After finishing the MA, Bo Jones and I decided we needed to keep going, we needed a focus. By working alongside in occasional, sporadic, higgledy piggledy collaboration we both learned a thing or two.
One of the things I learned was the essence of stitch. That chain stitch and French knots and composite stitches and laid work (see apron) were all very well, but the essence of stitch was up and down. That’s it really. Up. Down.
A stitch fixes one thing to another with a short line. Then you make a longer line. Sometimes my lines follow words. But mostly they go up and down in straight(ish) lines. That’s all I need them to do. Sometimes the stitch just goes through. The only thing it fixes is itself. The line.
There you go: my materials research. The product of a year’s work. Up. And down. And possibly up again.
But… What you stitch with and onto. That’s the real tricky bit.
These marks I make at the moment are mere smudges.
I take apart a garment to get at the warp and weft threads, printed cotton works best, because then what I do is stitch a ghost of the pattern onto something else… A smudge of one person up against another. A tell-tale mark of how one person has touched another…. And I use the word touch in the loosest of ways.
One person affecting, mending, loving another…
It’s more than a stain, and less than a stain. The stitches can’t be washed out. (I know, sometimes neither can the stain.) Sometimes it can be unpicked. Sometimes it can’t. Sometimes if you unpick it you can still see the needle holes. Some fabric forgives the needle. Some does not. Some starts to unravel from the hole. All of these elements are important.
The research continues into the objects being taken apart and the objects being stitched into. What are they, who do they signify?
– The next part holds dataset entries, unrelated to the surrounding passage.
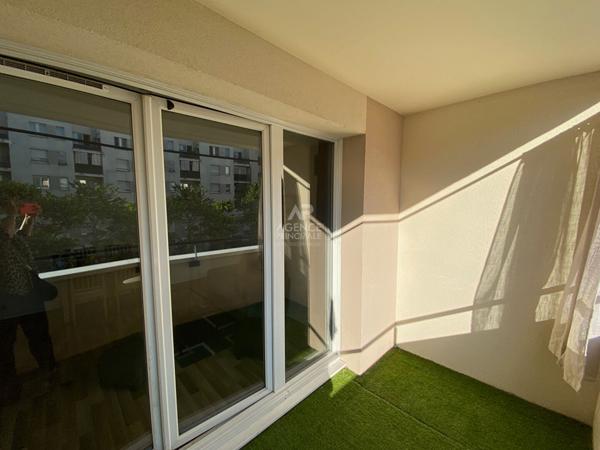 Appartement Cergy 2 pièce(s) 35.80 m2 Loyer 930 €/mois charges comprises **  - Référence  MG11301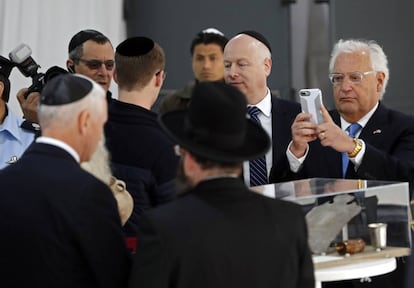 El enviado del presidente estadounidense en Oriente Próximo Jason Greenblatt junto al embajador de Estados Unidos en Israel David Friedman.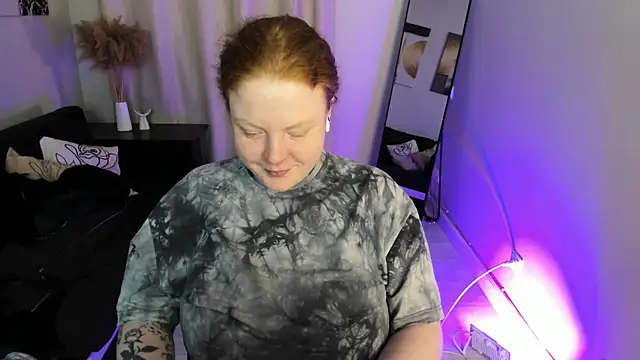 Cassie xKiss online show from April 14, 5:29 am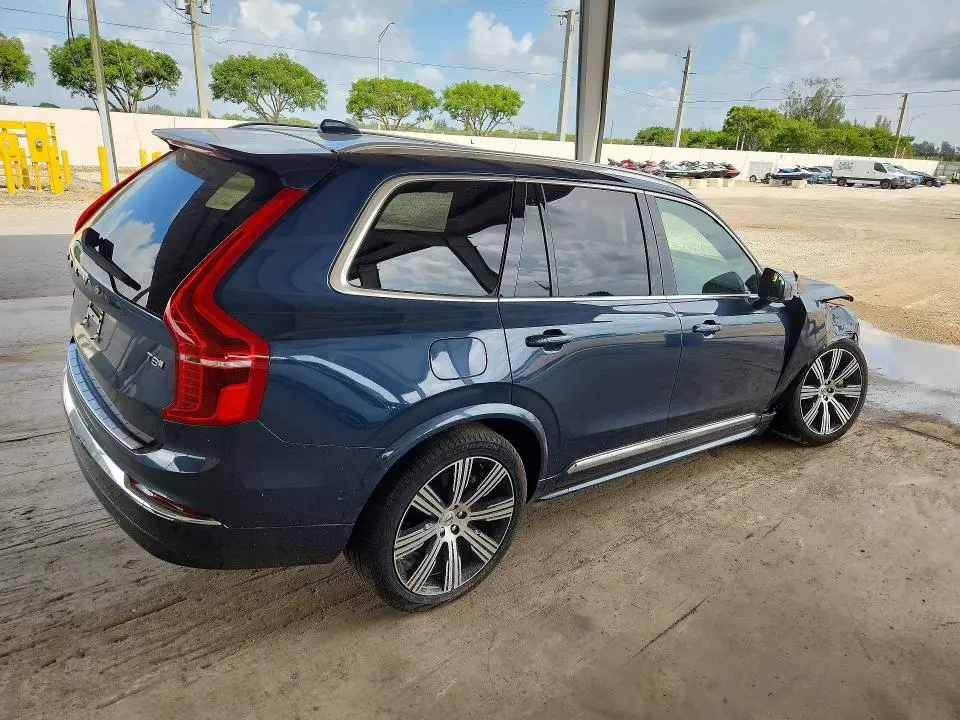 2025 VOLVO XC90 ULTRA  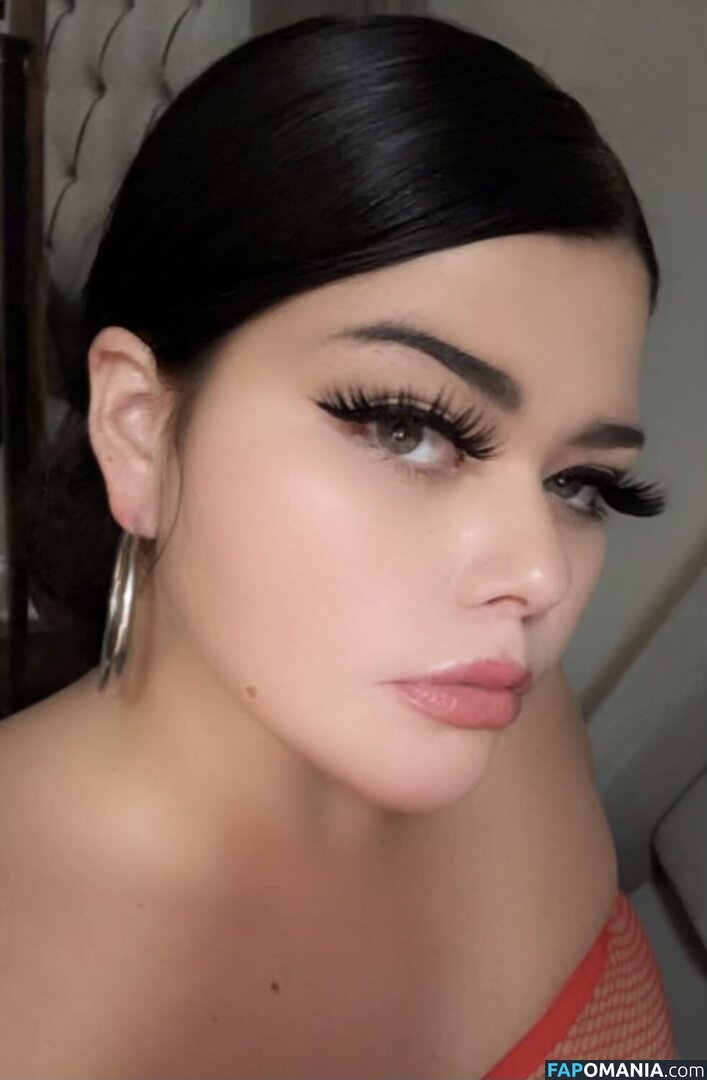 Keepitguera / gueraanava Nude OnlyFans  Leaked Photo #2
Sometimes it’s complicated. The child’s old linen dress I repair is not my child, is not me, but perhaps my mother. I mend it with a fragment of a long worn out skirt given to me, by her friend. I stitch them together with the threads taken from a girl’s dress… Who is doing the mending? What is it that needs repair? I’m reassuring my mother. And she tells me it’s ok. She died 21 years ago. But she is still telling me it’s ok. And I’m telling her I know.